In the late fifties, after the racing disaster at Le Mans in 1955, the Commission Sportive Internationale was moved to implement new rules to make sports car racing safer. Ferrari forecasted there would be a reduction in sports car capacity as a result, which lead them to design on a racing gem powered by a 3-liter, V-12 engine.
The first prototype to roll out of the production line was a four-cylinder 500 TR. Because its cam covers were painted a fire red color, they dubbed it the Testa Rossa, meaning the “red head.” The new name stuck when final production of the V-12 was finished.
There were a total of twenty-one 250 Testarossas that were built, including all its prototypes, as well as the 330 TRI/LM. The 714TR, Ferrari’s fourth Testa Rossa, was sold to racecar driver Piero Drogo, who was living in Modena. His family eventually migrated to Venezuela, where Piero took his new prized car to task and raced it extensively.
Drogo shipped it overseas, where he successfully competed in some minor European events. The Texas racer, Alan Connell, bought the 1957 Ferrari 250 Testa Rossa through Luigi Chinetti in 1958. Connell also raced it extensively in the SCCA National events. It then changed several hands and was raced extensively when Connell sold it back to Chinetti.
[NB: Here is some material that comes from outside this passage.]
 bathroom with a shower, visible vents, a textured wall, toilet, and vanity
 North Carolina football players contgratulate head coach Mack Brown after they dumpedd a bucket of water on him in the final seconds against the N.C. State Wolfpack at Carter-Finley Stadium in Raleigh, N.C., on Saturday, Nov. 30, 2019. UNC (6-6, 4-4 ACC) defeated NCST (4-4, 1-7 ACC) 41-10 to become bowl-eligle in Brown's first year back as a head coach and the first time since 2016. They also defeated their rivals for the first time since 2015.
In the early sixties, the original engine was removed and replaced by the a unit from the 0770 TR. Burnett raced it several more times before it exchanged into the hands of Robert Dusek in 1970. He restored it with most of its original specifications, including reinstalling the initial 0714 engine. The majority of original 250 TRs have been decommissioned as prized classics, acquired by sophisticated and wealthy collectors and out-of-reach to the general public.